A une demande anodine Vincent dit soudain « non » et ce « non » n’est pas une réponse à la demande anodine mais à quelque chose d’avant, une nécessité antérieure qu’il a connue de dire « non » pour se protéger. Il écrit :

Le jardin
Un jour un homme cherche un jardin dans la campagne où il habite.
Il trouve un jardin tout près de sa maison.
Il le défriche pour pouvoir le cultiver.
Il plante des pommes de terre, il repique des choux, du céleri.
Un jour il rencontre une fille qui lui dit : « Il est beau ton jardin, et bien cultivé, et très propre. »

Juliette, Jérémy

Jérémy me donne cet incroyable texte :

je n’aimerais pas m’ennuyer à Attigny et à Auxerre mais parfois si
je n’aimerais pas aller à Bruxelles et à Bastia mais parfois si
j’aimerais être connu à Charleville et à Caen mais parfois non
je n’aimerais pas discuter à Douai et à Dijon mais parfois si
j’aimerais être entendu à Entotte et à Epinal mais parfois non
j’aimerais être en France et à Fumay mais parfois non
je n’aimerais pas aller à la Gare du Midi pour aller à Guingamp mais parfois si
j’aimerais me faire hospitaliser à l’Hôpital Saint-Jean ou au Havre mais parfois non
je n’aimerais pas faire des imitations à CIvitavecchia et Istres mais parfois si
j’aimerais m’appeler Jean-Jack au Japon ou à la Jamaïque mais parfois non
je n’aimerais pas voir Karima au Kamasutra mais parfois si
j’aimerais lire des livres à Lille ou à Lens en passant par Londres mais parfois non
je n’aimerais pas conduire une Mobylette à Marseille pour aller à Milan mais parfois si
je n’aimerais pas passer Noël à Naples ou à Nice mais parfois si
j’aimerais aller à l’Office de tourisme à Ostende mais parfois non
j’aimerais voir des Parisveaux à la Prison de Mazas mais parfois non
je n’aimerais pas être au Quartier latin ou au Qatar mais parfois si
j’aimerais avoir des rêves à Roche ou à Rennes mais parfois non
j’aimerais vendre des saucisses à Stuttgart ou à Strasbourg mais parfois non
je n’aimerais pas être à côté d’une Tour à Tadjourah ou à Toulouse mais parfois si
sinon j’aimerais voir Voncq, Valence, la Wallonie, et Zeilah, et Zut !
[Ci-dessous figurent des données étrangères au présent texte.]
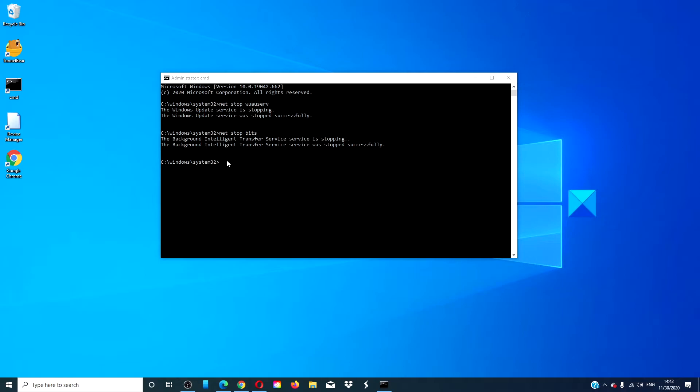Then, go back to your command prompt and type in net start wuauserv and hit enter.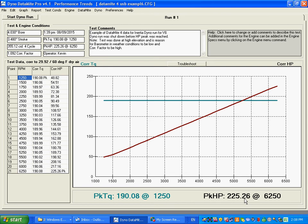I'm going to demonstrate a dyno run with my little dyno simulator here. It's not a real dyno, but it's good enough to show you how you'd run the software.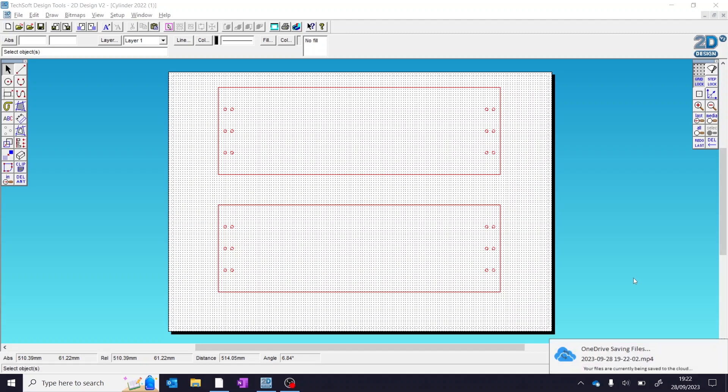Hello and welcome back to the video. In today's DT video we're going to show you how to use 2D design software and create the silhouette for your lampshade.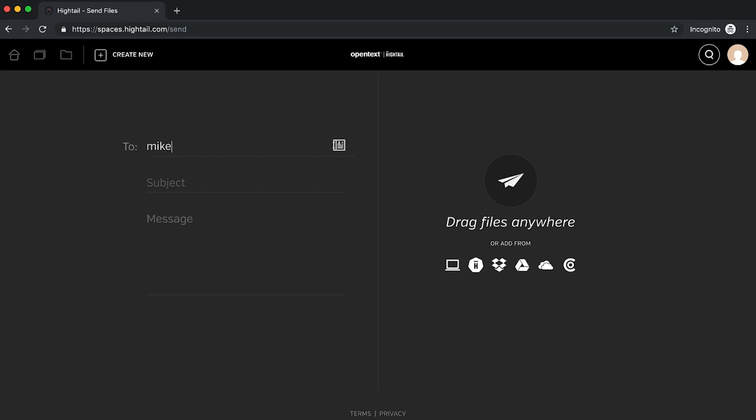Start by entering the email address of the person you'd like to send files to and then add an optional subject and message which will be included in the email notification to your recipient.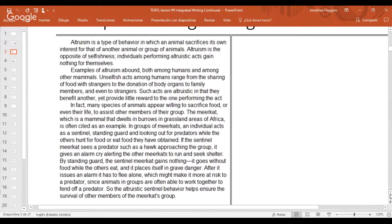Normally you'd have three minutes to read this text. It takes up half the screen with about 10 to 12 words per line — that's how it looks in the actual integrated writing section. Here we go: 'Altruism is a type of behavior in which an animal sacrifices its own interest for that of another animal or group of animals. Altruism is the opposite of selfishness; individuals performing altruistic acts gain nothing for themselves. Examples of altruism abound both among humans and among other mammals.'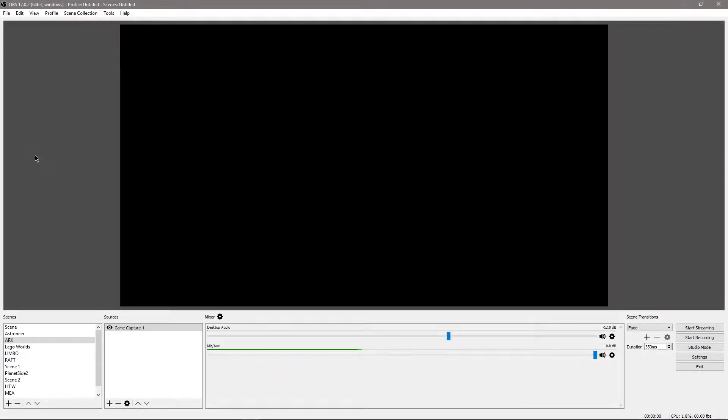Hello everybody, and welcome to a guide on how to set your encoding settings on OBS Studio.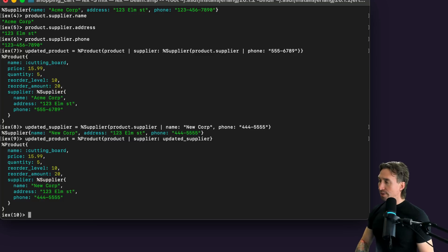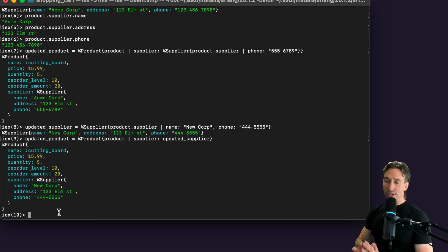Then we say updated_product equals our product struct, passing in our product with a cons operator on the supplier key, setting it to our updated_supplier variable, and close the curly braces. This updates our whole supplier struct on our product struct. Now we have New Corp and 444-5555. That's how you do multiple updates.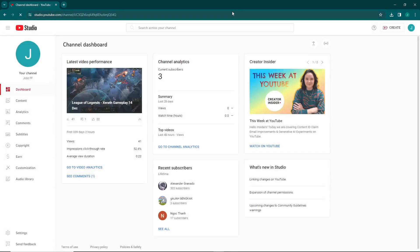So let's say you subscribed to someone and you want to see how you subscribed and now you want to unsubscribe. Here's what you have to do.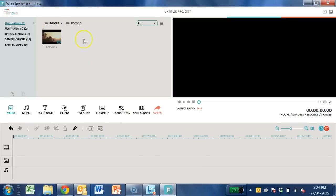Now that we imported all your videos, audio and pictures, we can start editing your video.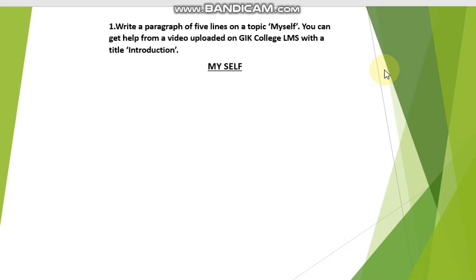Assalamu alaikum students. Today we will learn how to write a paragraph. I have also uploaded a video on the topic introduction on LMS in the previous session, when we were doing the first BMT booklet and videos.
Il l’a écrit seul cette semaine à partir du texte de Perec « De la difficulté qu’il y a à imaginer une Cité idéale », auquel il a ajouté la contrainte de respecter l’ordre alphabétique. Ce texte sera le point de départ du prochain atelier.

Dernière chose vue dans la salle où nous travaillons : une veste chaude qui reste dans l’école et que peut mettre celui ou celle qui a froid.

Bibliographie :
Rimbaud et la révolte moderne d’André Dhôtel
Le double Rimbaud de Victor Segalen
Rimbaud le voyou de Benjamin Fondane (Denoël, 1933 ; Plasma, 1979 ; Complexe, 1989), épuisé.